Now, there will probably be other times in his life that he’d be able to wear formal attire — but nobody expects him to buy one for his wedding. His outfit is on loan. She, who is never supposed to wear her wedding dress again under any circumstances, naturally pays full price.

Both graduation and wedding gowns are topped off by equally arcane headgear; brides wear veils and graduates wear mortarboards.

Best part about academic garb? On the inside of every graduation cap is the phrase “Front of cap.” You’ve just dedicated years and years, not to mention thousands upon thousands of dollars, for a first-class education and what do you get? You get instructions on how to place a flat piece of cardboard on your head correctly. Manufacturers of mortarboard know that you, oh brilliant student, would otherwise put in on backward and probably upside down.

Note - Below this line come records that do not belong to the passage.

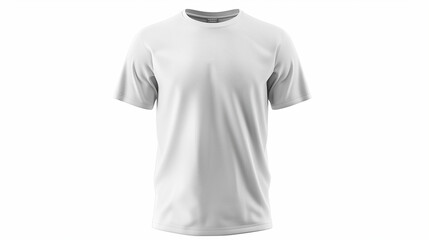 White single t-shirt template for your design, front view, isolated on white background. Made with generative ai
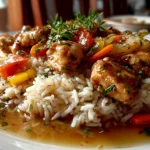 Home cook, taken with iPhone 13. Close-up slight angle of comforting smothered chicken rice on white plate. Hearty comforting --ar 4:3 --style raw --s 250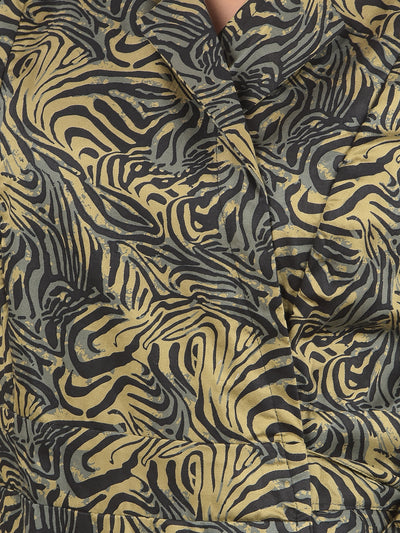 Olive Abstract Print Notched Lapel Mini Dress-Women Dresses-Crimsoune Club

The tossing of the cap in the air at graduations is fun. Wouldn’t it be great if the same thing happened at weddings, if as soon as the line “I now pronounce you husband and wife” was uttered, the bride ripped off her headgear and flung it into the air with a wild shriek of triumph?

Instead we get the tossing of the bouquet, a gesture of superstitious origin whereby the person catching the bouquet is thought to be the one next to be wed. Depending on the occasion, this can end badly: I’ve been at traditional weddings where 17 women converge on the flowers like hyenas at a kill and I’ve been at hipster weddings where the bouquet lands in a big empty circle like an asteroid landing in central Russia because nobody is uncool enough to exhibit desire for anything.

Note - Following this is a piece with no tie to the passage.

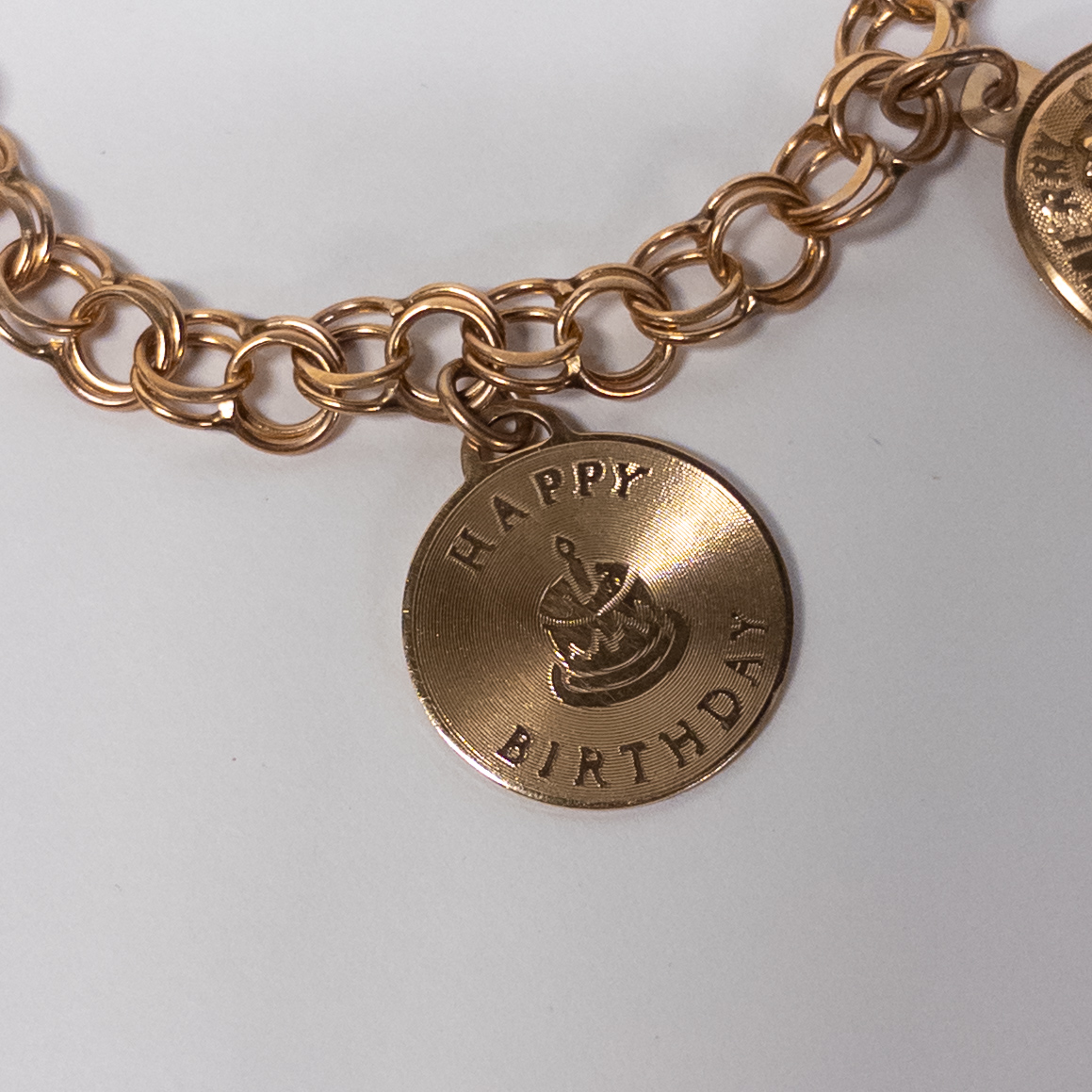 14K Gold Double Ring Charm Bracelet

It all works out in the end, however, because the event planner grabs back the bouquet as soon as “Single Ladies (Put A Ring On It)” starts playing.

Graduations and weddings are happy occasions that nevertheless cause people to weep convulsively and people to worry.

The parents are worried about debt, the person officiating is worried about keeping the remarks brief, the organizer is worried about the weather, the friends are worried that this rite of passage will create distance, the relatives are worrying how much longer until the food is served, and the beloveds at the heart of celebration, although proud and relieved, are worrying, “What happens next?”

My advice is to smile for the camera, thank everybody for coming — and hold onto your hats.